The editorial team consisting of Michael J. Anthony (Talbot School of Theology at Biola University), Warren S. Benson (now deceased, Senior Professor of Christian Education and Leadership at Southern Baptist Theological Seminary and previously Professor of Christian Education at Trinity Evangelical Divinity School), Daryl Eldridge (Dean and Professor of Foundations of Education in the School of Educational Ministries at Southwestern Baptist Theological Seminary), and Julie Gorman (Director of the Christian Formation and Discipleship Program and Associate Professor of Christian Formation and Discipleship at Fuller Theological Seminary), began its work by identifying over fifteen hundred entries desirable for the Dictionary. Through a process of consolidation and elimination, the team pared the number to the articles that ultimately appeared in the work.

Like the field of Christian Education, the dictionary appears to be grouped around a collection of themes that together provide definition to the discipline. Defined and explained are biblical concepts of education, biographical sketches of over eighty individuals, church based expressions or strategies, counseling concepts (a type of corrective education), historically significant educational movements, human development theories, leadership concepts, organizations contributing to evangelical Christian education, social issues, teaching and learning strategies, theological trends, and theories and philosophies of education that have shaped evangelical theological education.

Perhaps the place to start a review of the Evangelical Dictionary of Christian Education is to look at the definitions of "evangelical" and "Christian education." Thomas J. Nettles, Professor of Historical Theology at Southern Baptist Theological Seminary, defines evangelicalism "merely as biblical Christianity thriving in contemporary cultures" (p. 263). Drawing upon the writings of Carl F. H. Henry, he asserts that "evangelicals should be defined in terms of their 'devotion to the sure Word of the Bible'" (p. 263). Nettles distinguishes current evangelicalism from the sixteenth century usage distinguishing Reformation theology from Roman Catholic theology as well as from the Lutheran usage that distinguished its church from Roman Catholicism on one hand and the "Reformed" wing of the reformation on the other hand. He goes on to trace the modern evangelical movement starting in the 1940s. Distinguishing it from Christian fundamentalism without rejecting the full orthodoxy of its predecessor, Nettles rejects a sociological definition of evangelicalism, concluding that, with the substantial debate over the meaning of the word, history will understand the word as essentially doctrinal in nature, clustered around biblical authority, the essence and attributes of God, and the character of the redemptive message and experience.

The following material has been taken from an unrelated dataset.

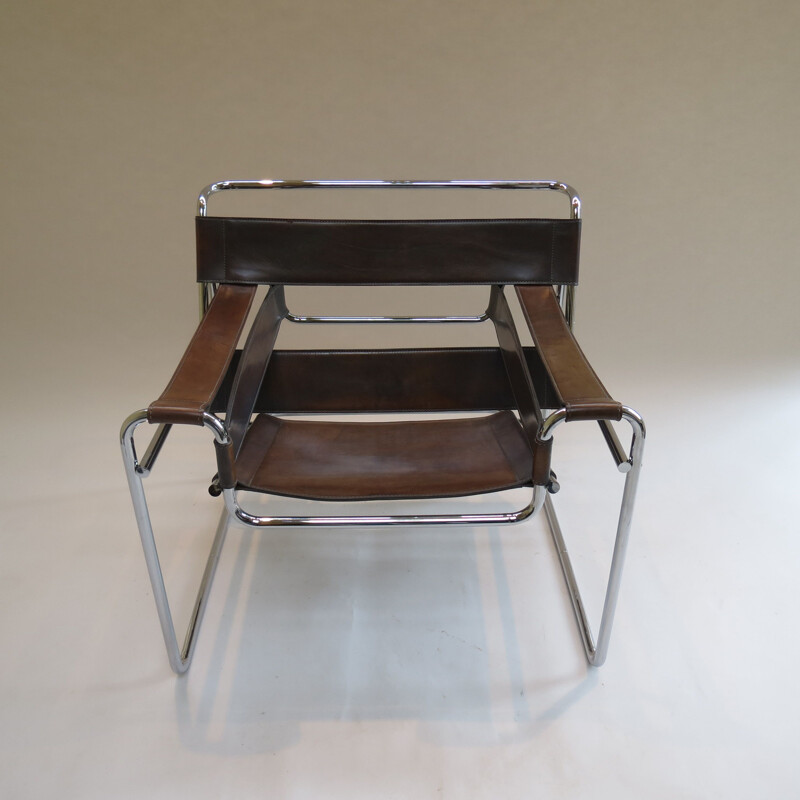 Vintage Wassily B3 armchair for Knoll in gray leather and chrome 1980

The article on "Christian education" was authored by Dennis E. Williams, Dean of the School of Christian Education and Leadership and Professor of Christian Education at Southern Baptist Theological Seminary, who served as President and currently the Administrator of the North American Professors of Christian Education. After conceding that principles of education apply to the discipline of Christian education, Williams addresses the central question, "When is Christian Education Christian?" Four distinctives shape his response. "Christian education is Christian when teachers and learners are dependent on the work of the Holy Spirit in the learning environment. . . . the purpose and goals are honoring to the Lord and his kingdom. . . . the curriculum is developed from the teachings of the Word of God and from an understanding of biblical theology. . . . there is an overall understanding and perspective that God is in control and that teachers and learners are sincerely seeking to fulfill God's will and purpose in all things" (p. 133). Williams then offers three closely related definitions of Christian education and concludes that the significant basics that evangelicals consider important include "Bible-based, theologically sound, Holy Spirit-empowered, the elements of teaching/learning/growth/ equipping, change, the church, evangelism, and service" (pp. 133-34).